Stevie Kalkannes’ friends call him the “Gym Class Hero” because, despite his skills on the basketball court—“Known as the best three ball shooter in the school, I could rain threes, teardrops from the sky”—he has refused to play for the Jackson High School team. But during his junior year, a new coach comes to town, and Stevie decides he might want to start living up to the legacy of his star older brother, Benny. Stevie makes the cut even though he spends all his free time pining after the new girl at school, Mindy Derosiers. Despite Stevie’s inexperience with romance, he and Mindy manage to hit it off—though she proves to be a more complicated girlfriend than he expected. The stress over Mindy and various unresolved emotions surrounding his family and basketball may be at the root of his new problem: missing key free throws at the ends of games. But help comes from unlikely sources. At first, Stevie thinks the two girls in his Food and Fitness class, Alison Johnson and Jillian, are just health nuts.
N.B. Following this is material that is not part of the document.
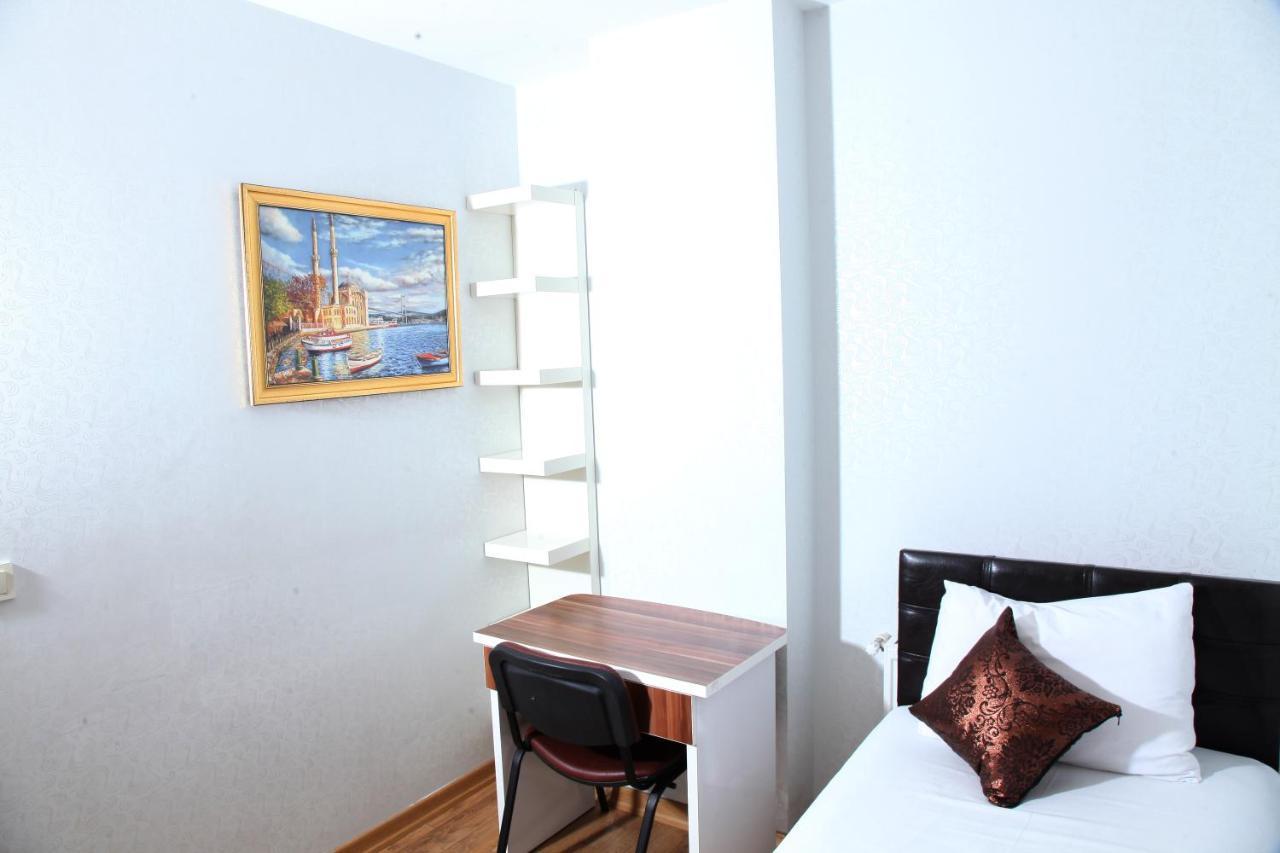 Garden Hill Hotel Истанбул Екстериор снимка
As it turns out, their ideas about mindfulness might be just what Stevie needs to take back control of his game. Like many teenage narrators, Stevie is jocular and sarcastic. Yet Kalmbach’s prose isn’t one-note, and Stevie’s shtick often takes a back seat to more lyrical passages: “A first period rumor, its wildfire spread by the runners delivering passes from the main office, fanning the flames—a new girl in school and you ought to see her—whole classrooms inquisitive—their fascination displacing the Pythagorean Theorem, Iambic Pentameter.” Because this is a sports book, a passing interest in basketball is probably required to get the most out of Stevie’s arc. The author knows the game and is skilled at capturing its drama on paper, teasing out plays into meaningful encounters. This is not a work of high drama, but it contains that potent combination of forces—friends, family, love, childhood passions, and new ideas—that summon to mind the transitional years of adolescence.
A charming, inquisitive sports tale.